Hi, being honest, it's a little bet difficult to me to point an anatomy issues becouse it doesn't feel like that's the focal point in the overall composition. But from what I can see, the proportions look good, but particularly the arm and the neck have an unnatural feeling. I'm not entirely sure if the neck would have that look from the position of the neck. With tje arm it's a little bit tricky, looks "correct" but it feels like you were moer concerned about it looking accurate then gestural. As an overall advice, pretty much draw practice gesture from poses of the same nature, (from the back, with the neck twisting or the arms bending) try to apply structure to the point of interest and anatomy studies (always thinking of gesture). Hope this can help you to improve in your areas of interest, as I said, the proportions are good, so try to be a little bit more wilde with the gesture.
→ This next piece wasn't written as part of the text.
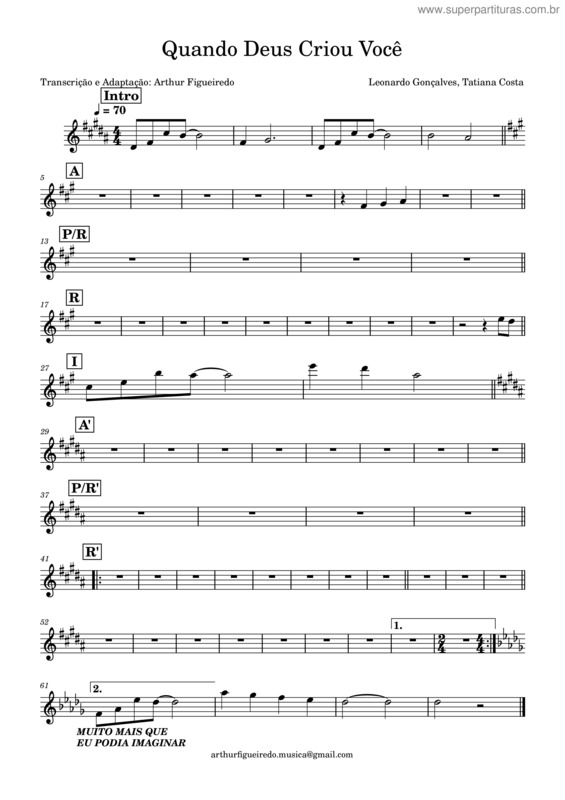 Partitura da música Quando Deus Criou Você v.13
Hi, I think you're on the right track of gesture, and I hope my recommendations can help. First of all, it's not entirely necessary to draw the line of action in ALL the poses you draw, you will notice that there are a lot of artists that don't do it all the time. But don't get the wrong idea, the line of action IS important, the benefit of the line of action is to unify and give direction to the whole pose, so you don't lose the gesture bay drawing each individual part of the body instead of considering the figure as a whole. If you are having troubles visualizing line of action then you definitely should draw it more often. Regarding the different approaches, I think you got some good gestures in the last 2 pictures, I´m having a sense of dynamism especially in the big one on the 7th pic. What I'm seeing in must of the other pages is that you are working with symetrical shapes on the limbs, must of the legs are ovals and the arms are parallel straight lines (specially the 5th one). So I suggest starting with the side of the limb that shows the prominent curvature, and then draw the other one either as a curve with the same direction, a slightly straight line or as an opposite curve but with different size, remember asymetrical shapes create visual contrast and feel more dynamic. As a general tip, don't forget to draw from your shoulder, even in digital; you hold the stylus as you usually don when you write but the motion must be done from your shoulder. Changing your medium from traditinal pencil, paint, digital, etc; is a really good idea, so I encourage it. Hope this can give you some direction to work on and keep moving forward.